A few days later, the news circulating that China would be forcing tutoring
companies to go non-profit was indeed the last straw that broke the camel’s
back. Tech titans like Alibaba, Tencent, Meituan Dianping and BiliBili, just to
name a few, got terribly hit. To give some perspective, Tencent has lost $170
billion of market value within a month, and Bloomberg calls it “the world’s
worst stock bet”.

Most of the Chinese Internet companies are either listed in NYSE or HKEX.
Even world-renowned investors like Cathie Wood rushed for exit by liquidating
most of her positions in Chinese tech giants.

While all seems doom and gloom for China’s top tech players, I believe
these stocks will rebound at some point in time. Other than the education tech
companies, their fundamentals are still strong, and are trading at an
attractive valuation. From an opportunistic standpoint, it is not in the
interest of CCP to see their tech company fail and lose to their US
counterparts.

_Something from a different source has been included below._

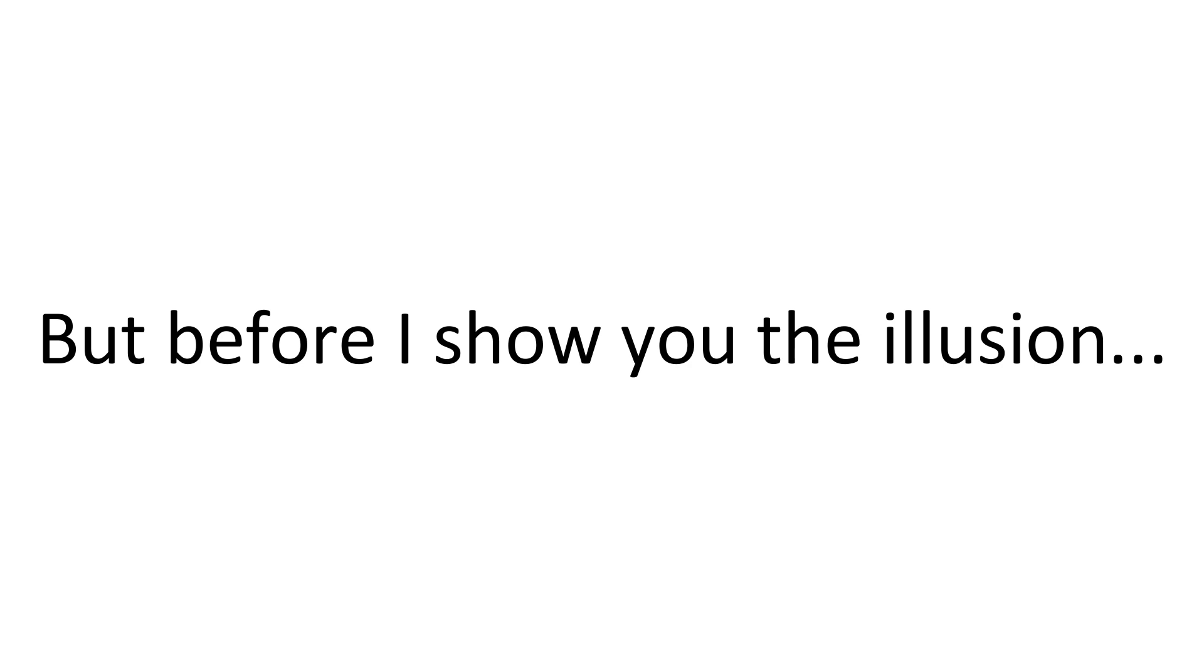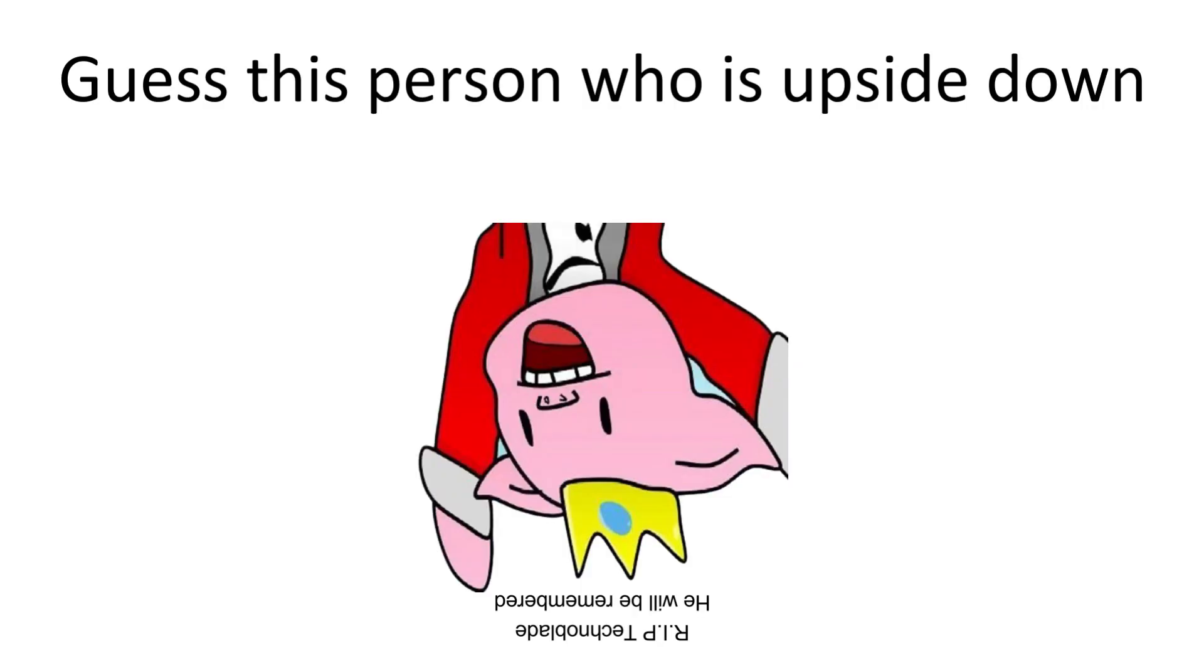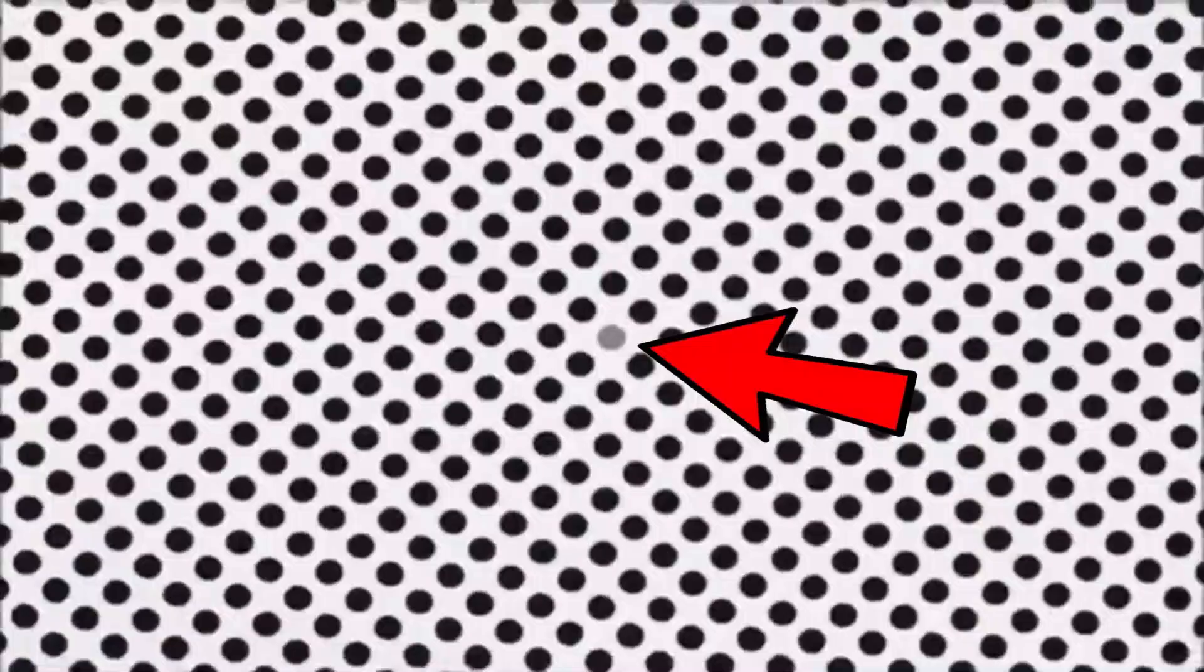But before I show you the illusion, guess this person who is upside down. Now I will show you the illusion.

Historically, the Chinese government follows a socialist market
economy system, whereby the government must ensure a good balance between pure
capitalism and people’s welfare. Hence, one should always consider regulatory
and political risks in analysing any Chinese company as CCP will step in when
needed to ensure that businesses are moving in the direction that aligns with
the long-term interest of the country.

Due to potential regulatory risk, this crackdown will indeed leave a bad
taste in the mouth to retailers and institutional investors; nevertheless, the
current prices are still attractive even after factoring in a generous margin
of safety.

My portfolio is also significantly impacted as well, as I have a
considerable proportion of Chinese stocks in my portfolio. Since sharing is
caring, I will be disclosing the recent changes in my Chinese Tech stocks and
my portfolio value in them.

1.Alibaba (HKSE: 9988) and NYSE: BABA)

I bought shares of Alibaba back in 2018 before the HK listing in 2020. When
the stock rout began, I went ahead to buy the HKSE:9988, and planned to divest
Baba to keep all the Alibaba shares on the Hong Kong Stock Exchange.

Similar to Amazon’s ecommerce, Alibaba may experience a similar slowdown in
its online shopping sector, too, and the silver lining will be in its cloud
computing, which is growing year after year. It only recently became profitable
and will likely play a significant role in growing its top-line and
bottom-line.

NYSE: BABA

Total no. of shares= 33

Average Price= USD 209.345

HKEX: 9988

Total no. of shares= 300

Average Price=HKD 206.031

Total Loss (NYSE: BABA & HKEX: 9988) = SGD 1,499.22

Current Price-to-Sales Ratio= 5

Current Price-to-Earnings Ratio=18

To put things into perspective, its average price-to-sales ratio is 10X.

2.Tencent Holdings (HKSE: 0700)

I started doing dollar cost averaging (DCA) in 2018 with MayBank Kim Eng’s
Monthly Investment Plan (MIP) of $500/month and then went ahead with Stock
Monthly Investment Plan (SMIP) with HSBC HK with HKD 6,000 a month, after a
year when the former stopped its MIP. It was a big payoff this year when
Tencent went up to HKD 700+, and it all changed in a dramatic turn of events.
Currently, I am sitting in a meagre gain of 2.71%.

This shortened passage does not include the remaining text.